Sant’Agata dei Goti è un paese scavato nel tufo. Chi l’ha costruita nei secoli l’ha fatto estraendo il tufo dalla roccia tufacea sulla quale sorge: sotto le case antiche c’è un’altra Sant’Agata dei Goti che non si mostra. Sono caverne, cantine, scantinati, sottoscala, rifugi, bassi. Solo chi è sceso per queste scale ripide, oscure e umide ha illuminato Sant’Agata dei Goti. In quei sotterranei della storia e delle vite bisogna scendere se si vuole conoscere la storia vera di questo paese che è sempre recitata ma mai conosciuta. Gesù, fate luce. Ma non serve conoscere la storia – ciò che realmente si è – se tutto ciò che serve è solo l’immagine.
Sant’Agata dei Goti dovrebbe liberarsi della sua immagine e considerare con serietà la sua storia. La logica perversa di ieri è oggi ancora in atto. Ieri si voleva il silenzio. Oggi si vuole il giudizio. Ieri si diceva ai santagatesi di tacere. Oggi si dice loro di parlare. Ma perché? Le istituzioni, purtroppo, non sono estranee al disastro dei sotterranei santagatesi. Anzi, ne sono parte in causa. Persino la magistratura e i pubblici ministeri con il dito puntato sapevano. Ma nessuno lo mosse, il dito. Oggi si chiede ai santagatesi di collaborare, fornire notizie e fare nomi e cognomi. Ma non ci vuole l’eroe civile per avere notizie certe e responsabili diretti. Per questo basta il catasto. Oggi, come ieri, servirebbero istituzioni dignitose. Non è più tempo di set cinematografici e “ritorno di immagine”. E’ tempo di scendere nei sotterranei della storia e raccontarsi senza paura e senza speranza le cose come stanno.

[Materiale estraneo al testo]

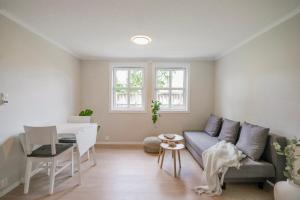 a living room with a couch and a table at Cozy apartment - Walking distance to Kristiansand city center in Kristiansand +12 photos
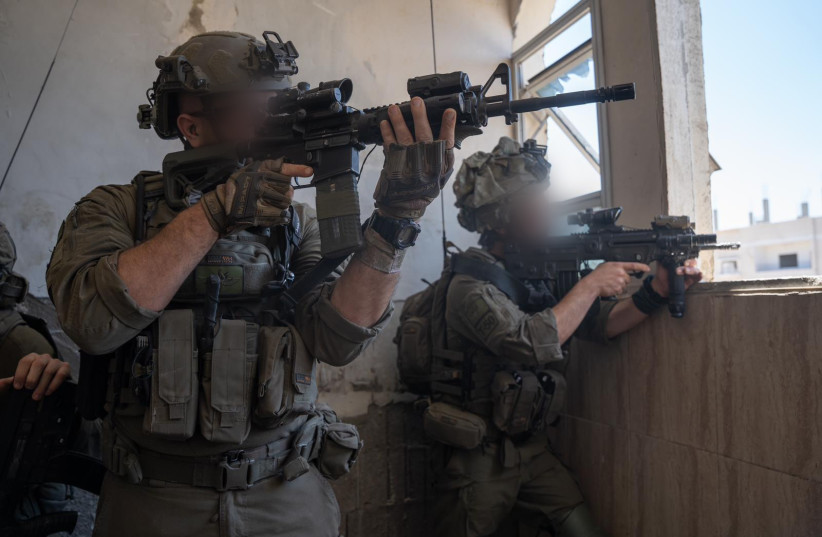 IDF soldiers operate in the Gaza Strip on May 20, 2024 (credit: IDF SPOKESPERSON'S UNIT)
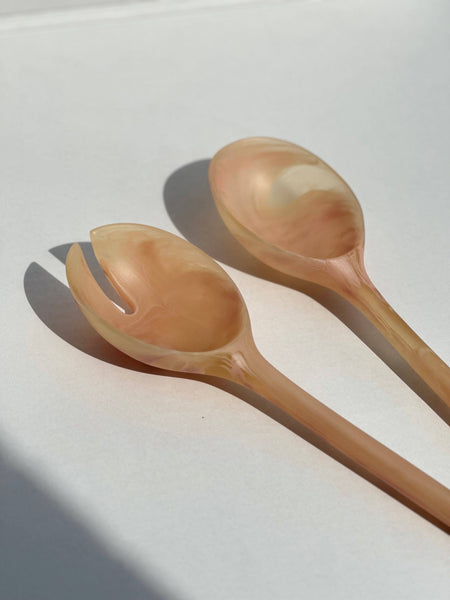 Two wooden spoons on a light surface with a soft shadow. Maegen | Shop Fodder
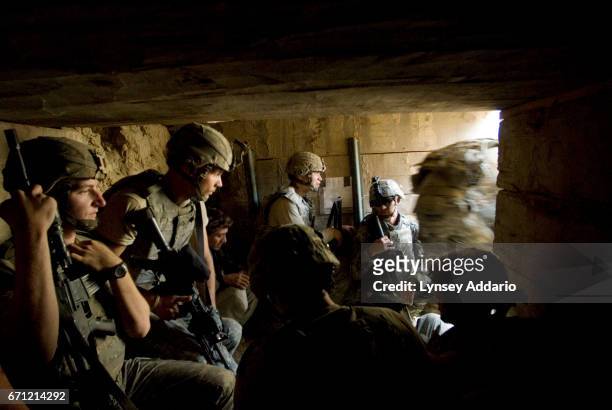 Soldiers with the 173rd division and Afghan workers on the base moments before a mortar fired by the Taliban lands about 20 feet from the opening of...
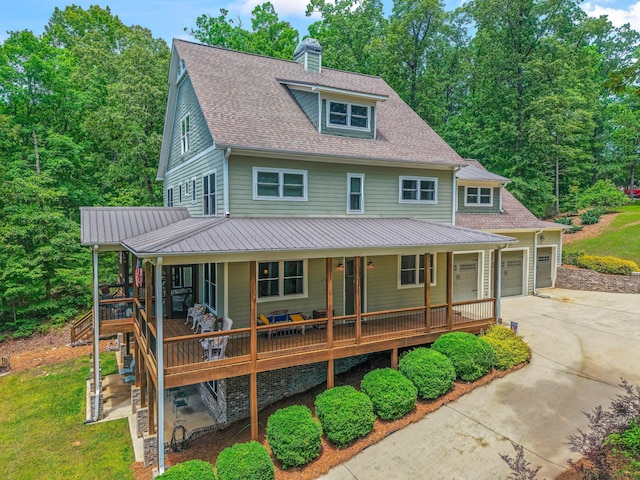 136 Grand Magnolia, Jasper, AL 35504 - view of front of home with concrete driveway, covered porch, a chimney, an attached garage, and a shingled roof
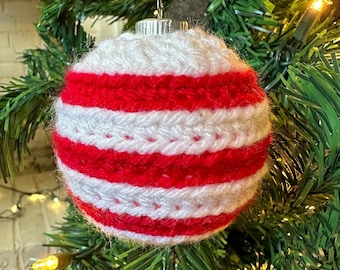 May include: A spherical Christmas tree ornament covered in a crocheted yarn cozy featuring alternating horizontal stripes of bright red and white. The ornament has a metallic silver cap at the top with a small wire loop for hanging on a tree branch.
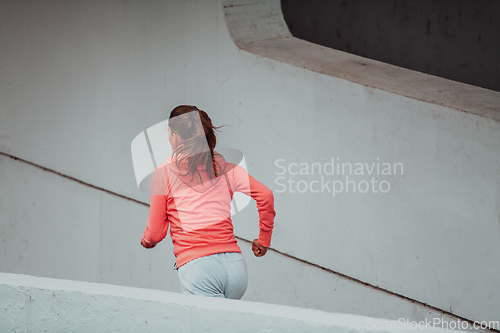 Image of Women in sports clothes running in a modern urban environment. The concept of a sporty and healthy lifestyle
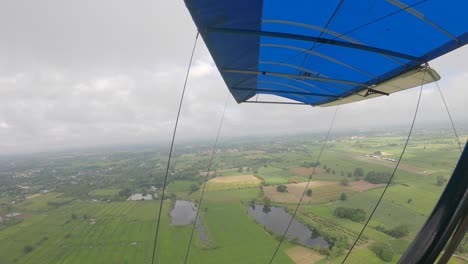 pov on ultralight aircraft to from wingside to ricefield below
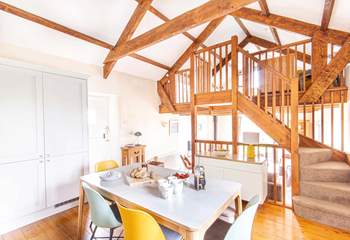 The kitchen is just above the sitting-room while the mezzanine looks over the kitchen.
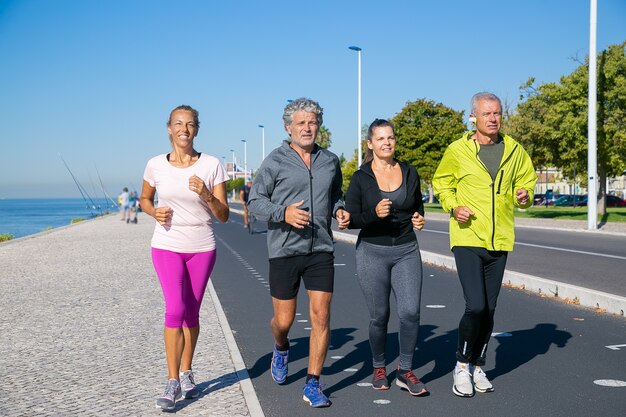 Grupo de personas maduras con ropa deportiva, trotar a lo largo de la orilla del río. Disparo de cuerpo entero. Concepto de jubilación o estilo de vida activo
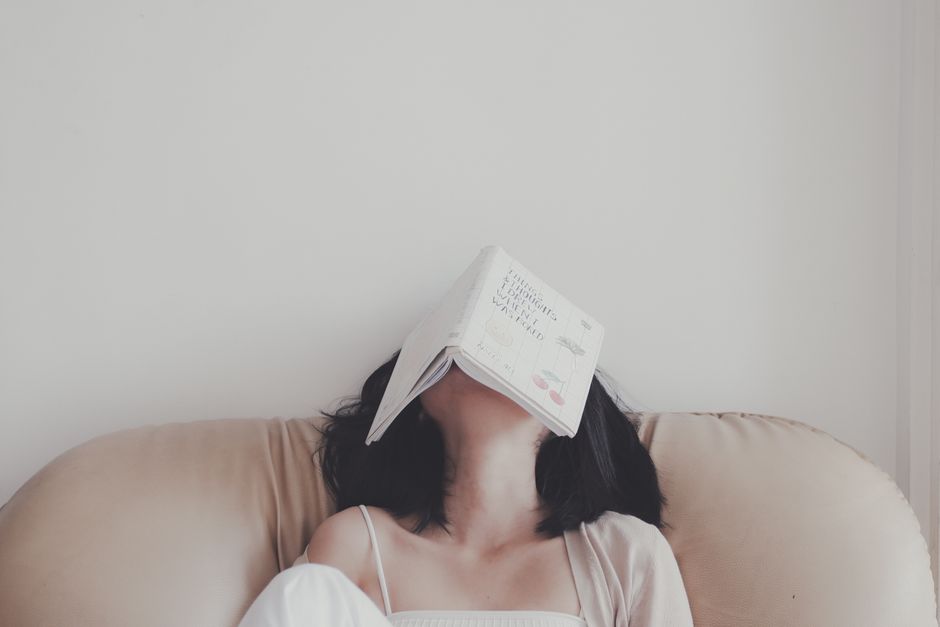 Mulher descansando com um livro na cabeça, transmitindo a ideia de relaxamento ou pausa na rotina de leitura ou estudo.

I sotterranei di Sant’Agata dei Goti oggi non sono a via Roma, sotto le case e le chiese, ma nella terra fredda e nella terra negra delle sue campagne che sono state prima scavate per decine e decine di metri fino a creare lisce e inviolabili pareti tufacee e distese di terreni grandi due, tre quattro stadi e poi riempite come una gola che ha ingoiato tutto chiudendo nel suo ventre il bene e il male mentre in superficie fioriva l’albicocca e cantava il melograno. Quelle cave gigantesche, che chi ha venti e trent’anni non ha mai visto, erano crateri senza fuoco: profonde e larghe come il ponte sul Martorano, lunghe come il Martorano. Con lo scarico dei rifiuti furono visitate da strade di topi grandi come zoccole. I sotterranei santagatesi nascondono una cattiva coscienza che tutti avevano rimosso. Ma la rimozione non è una soppressione. Ogni anima ha la sua fogna. La cosa rimossa continua a vivere in un altro luogo. Anche sottoterra. Proprio come i morti.